Nous ne cherchons plus à comprendre ce qui se passe en nous. Nous décidons immédiatement que notre réaction est mauvaise, excessive ou injustifiée.
Quand notre propre ressenti devient suspect
Se juger au lieu de s’écouter est l’un des signes que nous nous sommes éloignés de nous-mêmes.
Notre attention n’est plus tournée vers ce que nous ressentons, mais vers ce que nous pensons devoir ressentir.

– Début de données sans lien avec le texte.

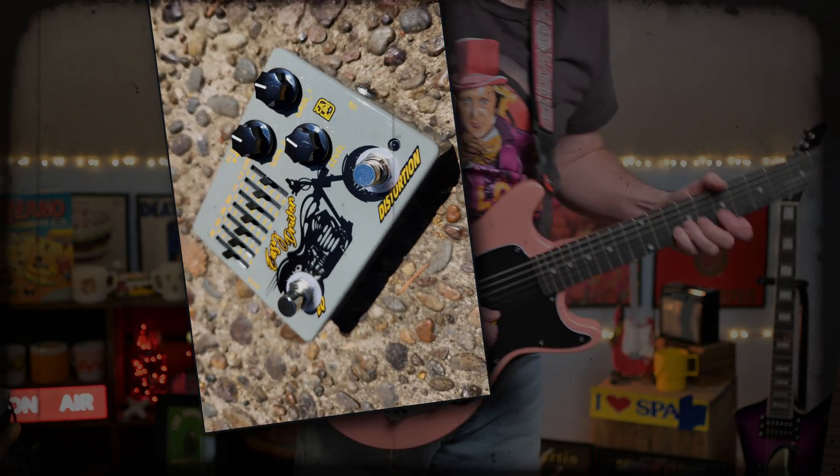Let's start with getting a bass line here. I've got my 2022 Les Paul Standard into a '68 Deluxe Reverb, and that'll be about it. It's got some reverb on it, and we'll put some delay on later.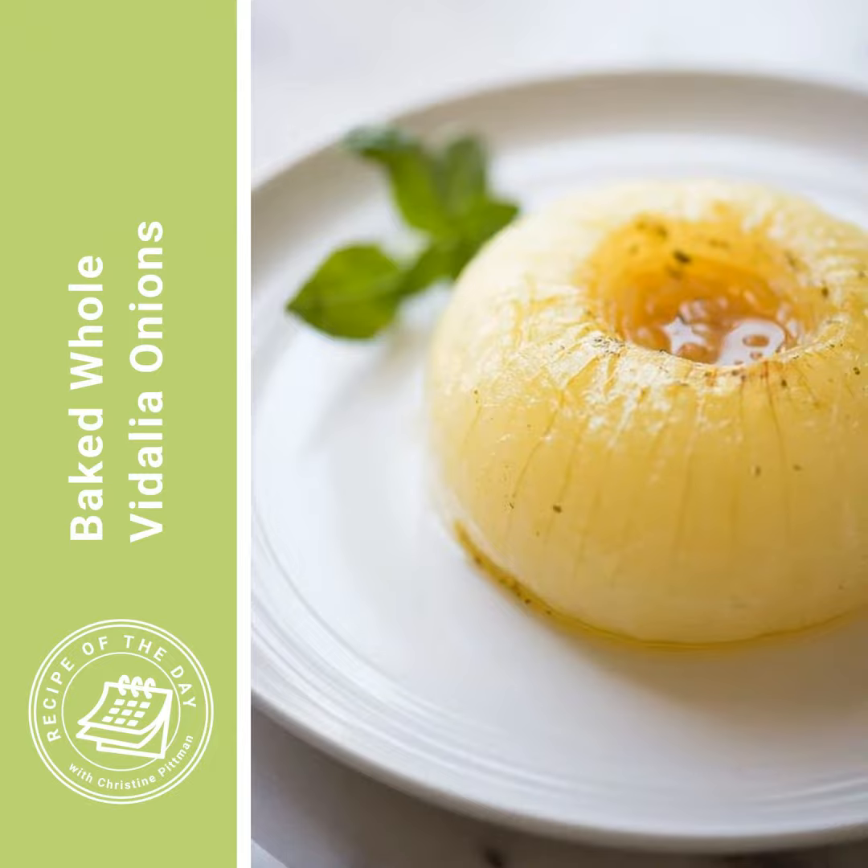I'm Christine Pittman from cookthestory.com, thecookful.com, the all-new Chicken Cookbook, and from this podcast, Recipe of the Day. I hope you have a great day. Let's get cooking.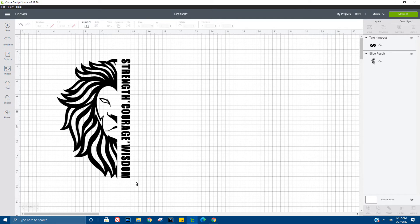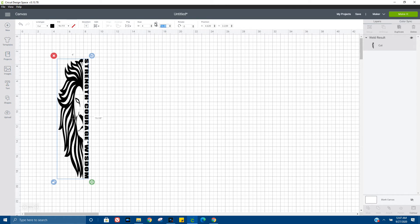All right, looks pretty good. I want to go ahead and weld the two together because when the image cuts, I want it to cut together just as we see it here. Sometimes I actually do forget to weld the two and I just have to go back — nothing too hard to fix.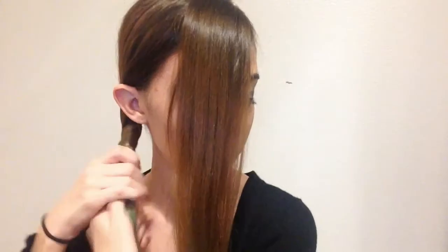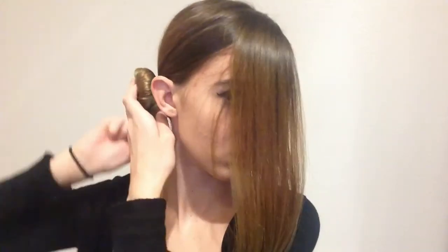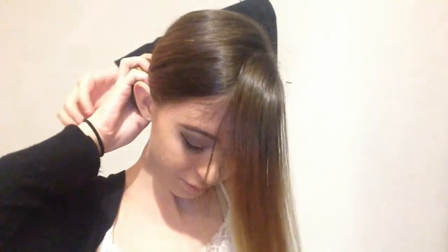Now I'm going to section off a front piece of my hair and leave that in my face, and the rest of my hair is going to be twisted up into a bun, secured with a ponytail and some bobby pins. The last touch is to loosely twist my front section of hair, wrap that around the bun and secure with bobby pins, and then my look is complete.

Nous observons nos émotions depuis l’extérieur, comme si elles devaient obtenir une autorisation pour exister.
Peu à peu, nous finissons par douter de nos propres perceptions :
- Est-ce que j’exagère ?
- Ai-je vraiment le droit d’être blessé ?
- Est-ce que je ne suis pas simplement trop exigeant ?

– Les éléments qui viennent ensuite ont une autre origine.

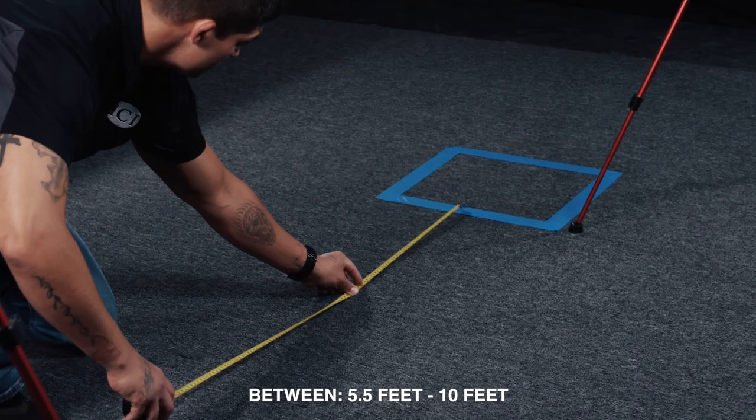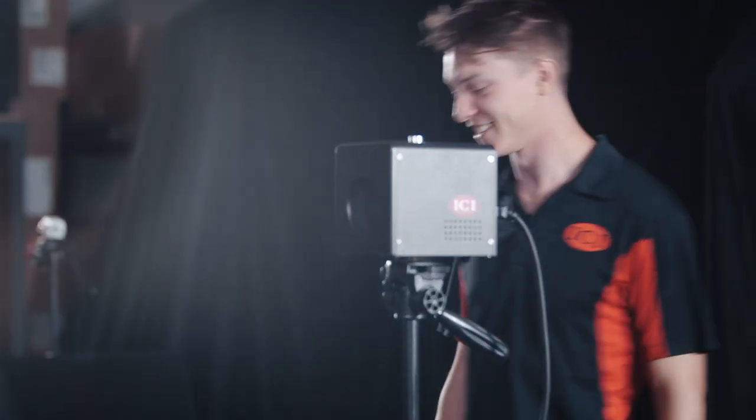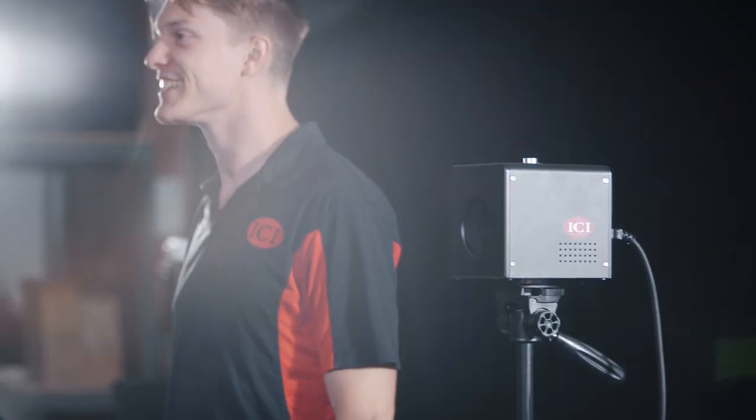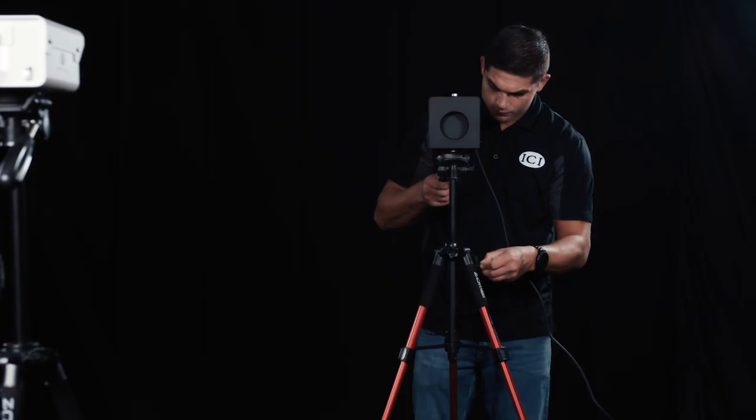Depending on the unit, the focal distance will be between 5.5 feet and 10 feet. Traffic flow to and away from the screening point should be well marked. Remember, all equipment should be set up in conjunction with a homogeneous background. The system must be set up correctly to accurately screen individuals for an increase in body temperature. Proper focal distance, height of the equipment, and the relationship between the camera, the temperature reference source, and the individual are essential for successful temperature screening.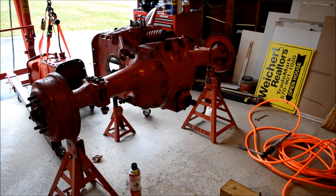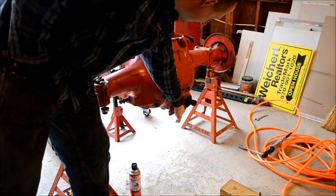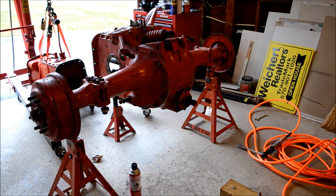Hey tubers, looks like an 8N tractor here. Pulling out the PTO shaft coming out the rear end, ran into some problems. You can see there's four bolts we had to take out and then try to get the shaft to come out. I couldn't get the seal to break loose, so what we ended up having to do is separate the transmission from the back half here.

- Pourquoi est-ce que je n’arrive pas à passer au-dessus ?
Au lieu d’entendre le message contenu dans notre émotion, nous cherchons une raison de ne pas l’écouter.

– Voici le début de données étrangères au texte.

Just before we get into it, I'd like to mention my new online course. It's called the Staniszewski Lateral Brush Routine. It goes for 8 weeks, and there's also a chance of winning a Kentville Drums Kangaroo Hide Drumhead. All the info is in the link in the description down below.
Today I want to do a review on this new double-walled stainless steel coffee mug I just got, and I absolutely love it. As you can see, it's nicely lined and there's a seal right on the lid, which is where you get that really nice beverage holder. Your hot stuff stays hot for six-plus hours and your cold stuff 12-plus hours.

Une voix intérieure devenue plus sévère que nous
Cette manière de nous juger peut s’être construite au fil des remarques, des comparaisons et des attentes auxquelles nous avons tenté de correspondre.
À force d’entendre qu’il fallait être plus raisonnable, plus fort, moins sensible ou moins compliqué, nous avons parfois appris à nous corriger avant même de nous comprendre.
La voix des autres devient alors une voix intérieure. Elle surveille, compare et condamne. Elle nous éloigne progressivement de nos besoins, de nos limites et de ce qui est juste pour nous.
Ne plus savoir ce que l’on ressent vraiment
Lorsque chaque émotion est immédiatement jugée, il devient difficile de savoir ce que nous éprouvons réellement.
Nous analysons au lieu de ressentir.
Nous minimisons ce qui nous blesse.
Nous nous forçons à accepter ce qui ne nous convient pas.
Nous cherchons à être légitimes plutôt qu’à être sincères avec nous-mêmes.
Le jugement prend tellement de place que notre propre voix finit par devenir presque inaudible.
Reconnaître ce fonctionnement ne signifie pas porter un nouveau jugement sur soi. C’est simplement remarquer qu’à force de vouloir être la personne que nous pensions devoir être, nous avons peut-être cessé d’écouter celle que nous sommes.